ANNEA LOCKWOOD: It’s probably a freight train. Freight trains run on the other side of the river. [train whistle blows again] Isn’t it a great sound?
FRANK J. OTERI: It’s a 9th chord of some type isn’t it.
ANNEA LOCKWOOD: Umm hmm. [train whistle blows again] Perfect! A lovely resonance with it…
FRANK J. OTERI: I don’t think that sound is sonic pollution. But there are definitely sounds in New York City that are sonic pollution.
ANNEA LOCKWOOD: Oh, I have a very hard time with Muzak. Similarly, I have a hard time with the car radio. I catch myself turning it on when I’m tired while driving. I drive in and out of New York City frequently and it’s in the background of my consciousness and suddenly realize that I’ve been listening to Mozart, and Brahms, and Hummel [laughs] and so on, as background for the last 25 minutes, which is not really where I think they ought to be. But Muzak in restaurants is a real irritant.
FRANK J. OTERI: Yeah, I think we had some smooth jazz at lunch. When we first walked in I thought, oh, this is annoying. But then when we sat down, I suddenly didn’t notice it. But it didn’t go away.
ANNEA LOCKWOOD: Do you know that phasing in and out of concentrated attention which we give phenomena is protective of us anyway? It’s habituation, right? We habituated to that soundtrack very fast and we were interested in other things. It went into our bodies and we weren’t consciously hearing it. That allowed us to refocus our attention. If we had been trying to concentrate on our conversation with each other, the taste of the food, the background music, whether or not it was raining again outside—all of that simultaneously would have diffused our attention beyond the point of interest in a way.
FRANK J. OTERI: Except zoning out sound can become a problem. You were just saying that you were listening to Brahms as background music. I think we as a society have gotten to this point where just about everything is background music. And to put on a piece of music in the office, it inevitably will be background music. And that’s why putting the Hudson River on yesterday was so powerful. Here is this thing, which on an old-fashioned 19th century level isn’t music at all. But it did what a giant orchestral piece was supposed to do, and maybe can no longer do for our ears because we’ve become numb to it. Has something gone wrong with the way that we listen as a society?

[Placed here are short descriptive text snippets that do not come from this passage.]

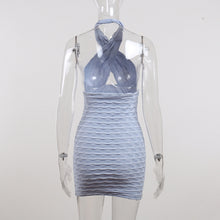 Load image into Gallery viewer, New Wavy Texture Halter Hollow Out Hip Dress
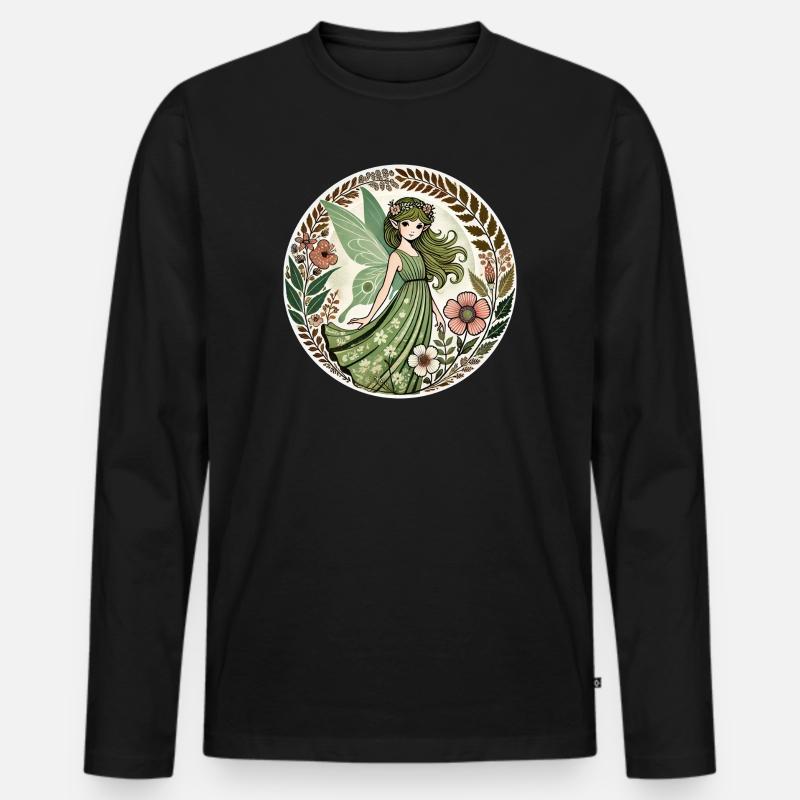 Verzauberte Waldfee Design - Männer Premium Bio Langarmshirt - Schwarz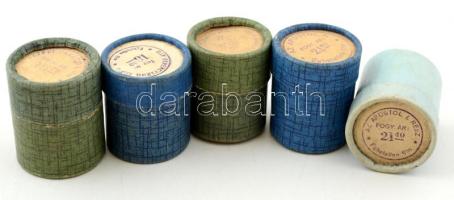 5 db papírdobozos diafilm, különféle tartalommal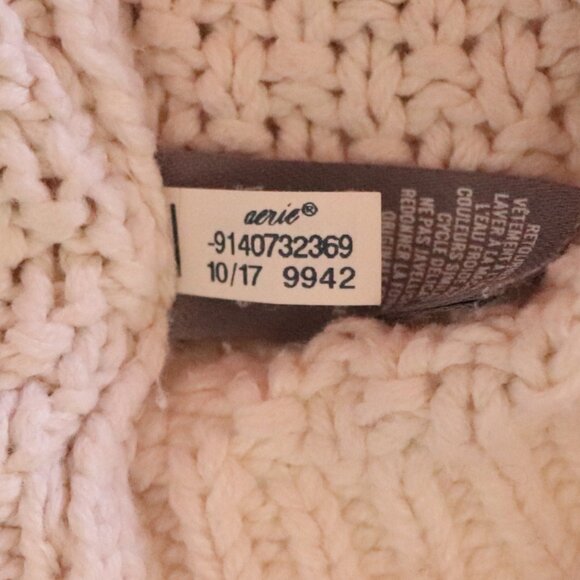 Aerie Womens White Sz S Cable Knit Crewneck Pullover Long Sleeve Ribbed Sweater - Picture 12 of 12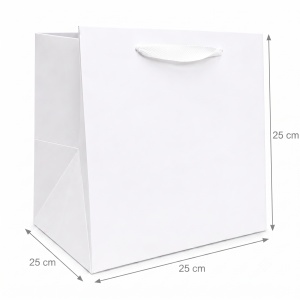 Pungă Cadou Lată 25x25x25 cm din Carton Premium, Culori Uni, Pungă pentru Cadouri Voluminoase, Set 12 Bucăți, KRM4667 - Img 5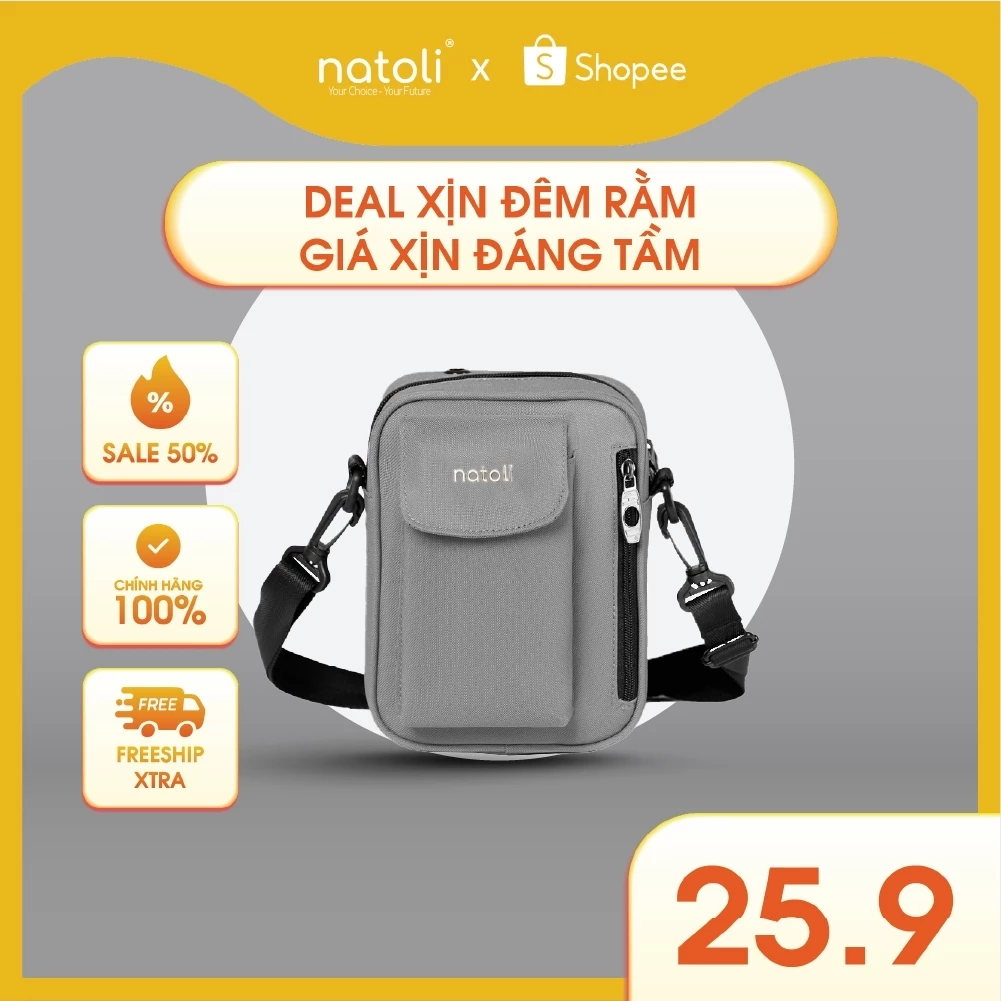 Túi đeo chéo NATOLI chất vải canvas đi học đi chơi nhỏ gọn - Street Crossbag T1
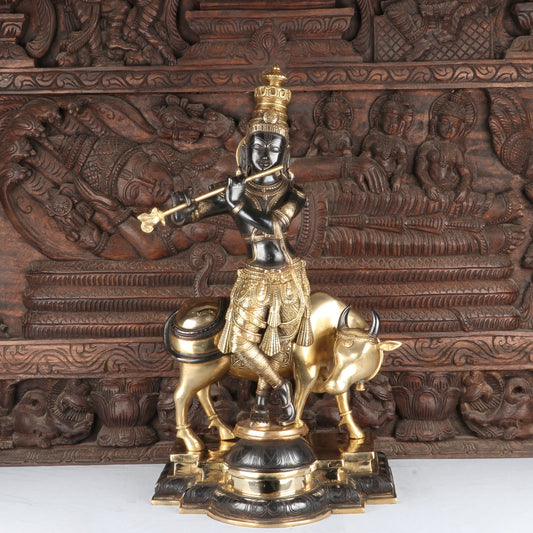 Brass Cow & Krishna Playing Flute Weight 25.5 Kg And Height 26 Inch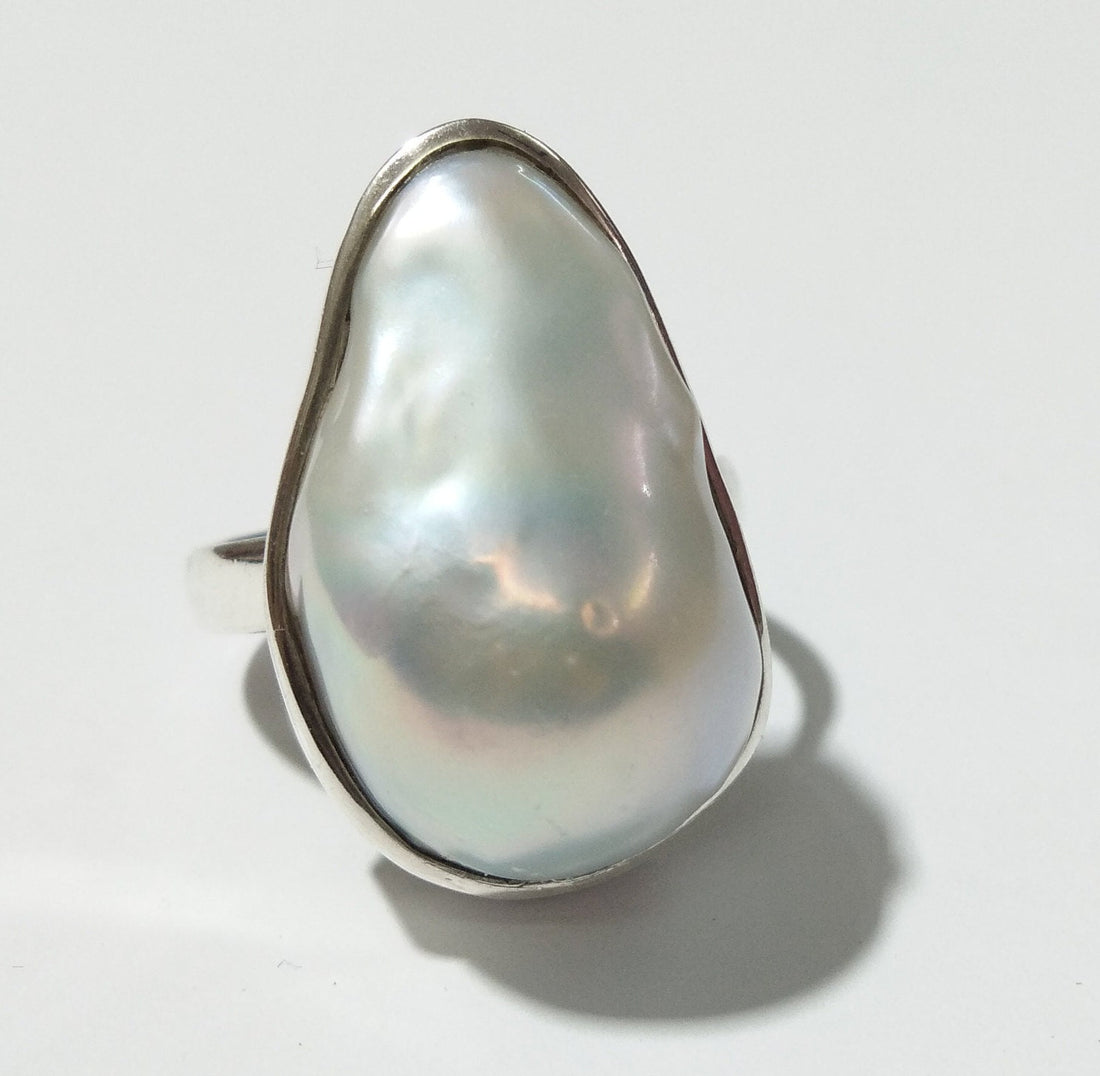 Natural Fresh Water Baroque Pearl Ring's With 925 Sterling Silver.Good Quality Baroque Pearl Ring Girls & Women Ring's.Gift Christmas Ring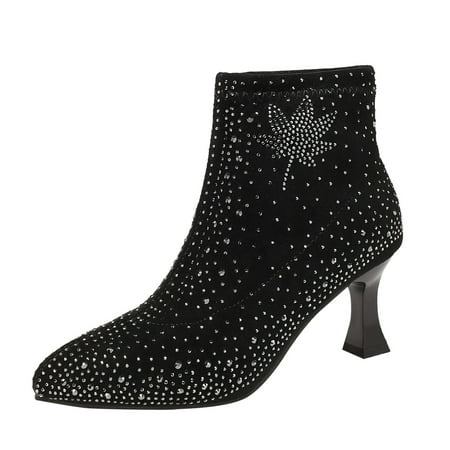 

Fsqjgq Women Booties and Boots Heels Pointed Toe Rhinestone Ankle Boots Rear Zipper Thick Heel High Heel Women Boots Short Riding Boots Women Black 37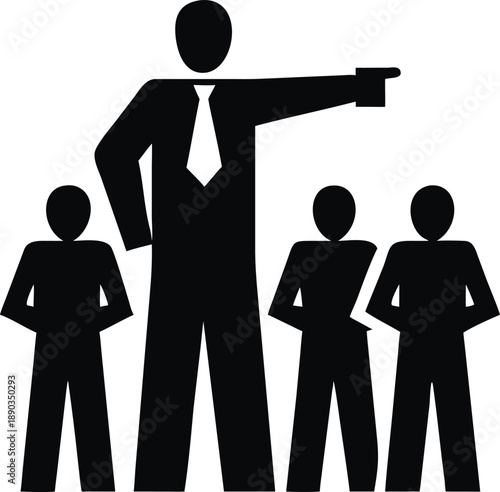 Executive Leadership & Team Direction Vector Icon: CEO or Manager Silhouetted, Pointing the Way for Staff | Management, Authority, and Business Strategy Symbol.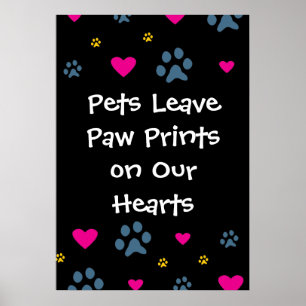 Haustiere Verließ Paw Prints auf unseren Herzen Poster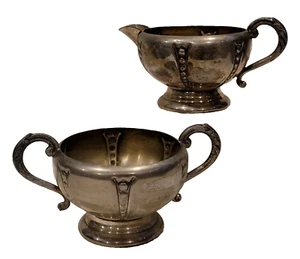 Vintage Monarch Plate Brand E.P. Copper lead MTS M109 Footed Sugar & Creamer set - Picture 1 of 17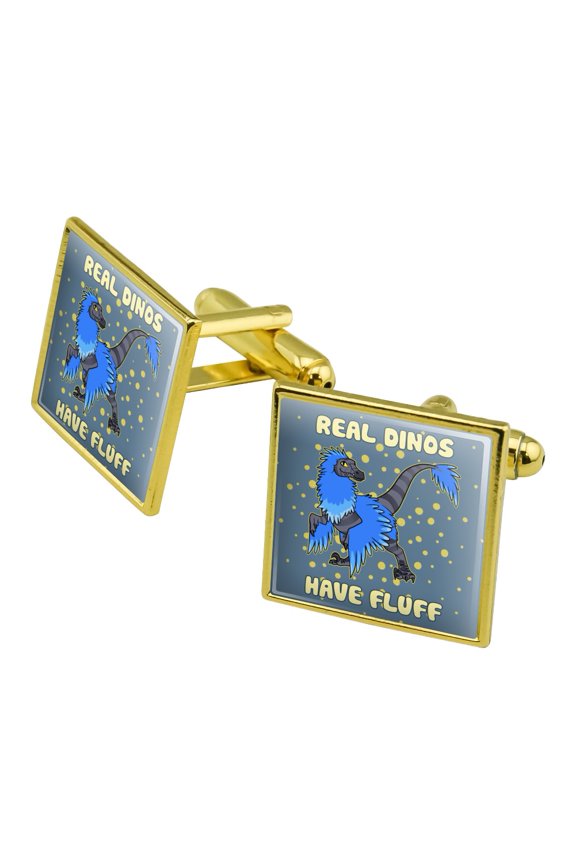 Real Dinos Have Fluff Raptor Dinosaur Square Cufflink Set - Silver or Gold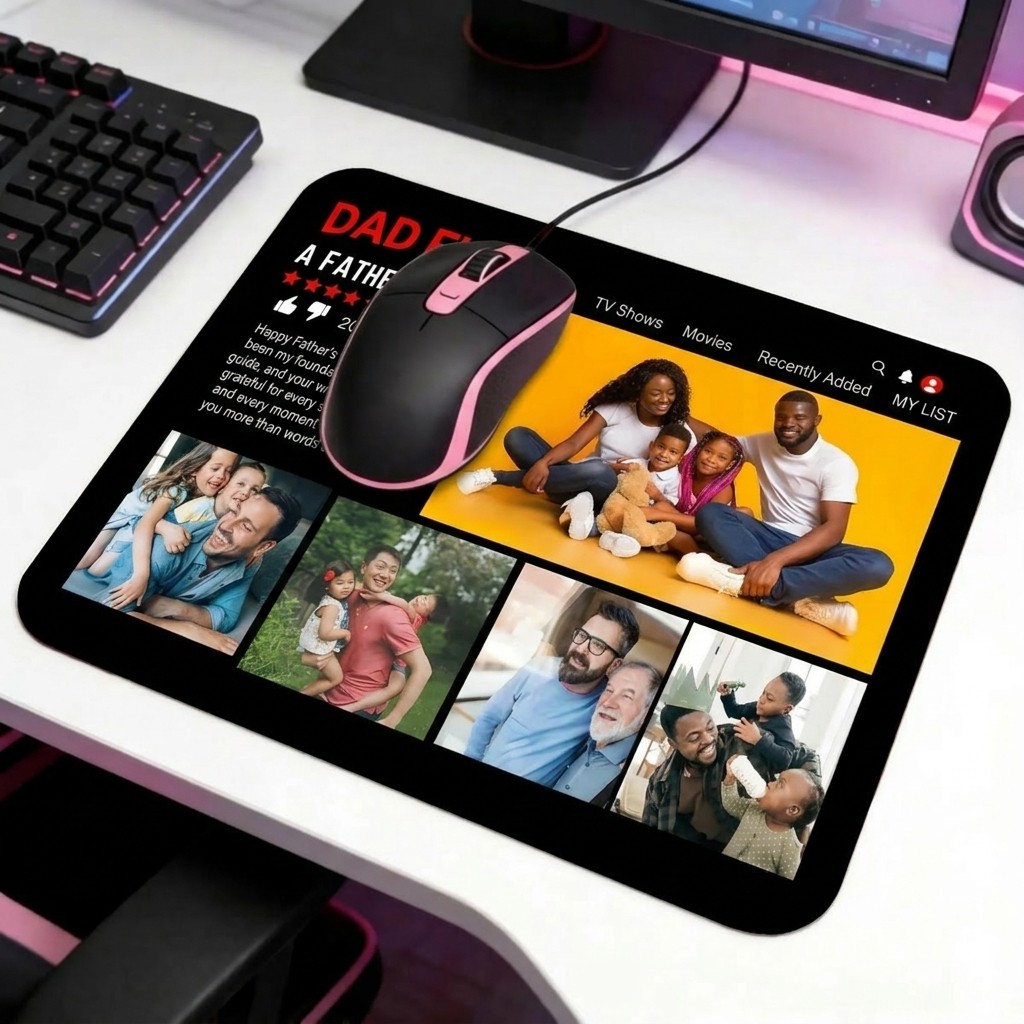 Custom DAD FLIX A Father's Love - Personalized Streaming Service Desk Mat with Multiple Photos & Text - Funny Father's Day Gift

ANNEA LOCKWOOD: I think that we’re basically devaluing music. We’ve been doing it for so long we are no longer aware of the association between music and trance states for example, at least in the West. Most of us, unless we are practicing Sufis, are very rarely in a situation in which trance is associated with music. Most of us don’t even know that it ever has been. I think we’ve devalued music’s intimacy and connection to the body. What Pauline is doing is invaluable. She and others are pulling the body back into our awareness of sound. You can’t say that we’ve detached music from religion because may of us have not. People like myself have, though. I don’t practice any religion. I make no direct association between music and religion. I make every association in the world between what I hear and the way I experience the world, but not in terms of formal religion. But there is a process of increasing narrowness of concept, I think, as to what music is to us and what it can do for us. It’s a real paradox because simultaneously music is constantly playing in people’s lives.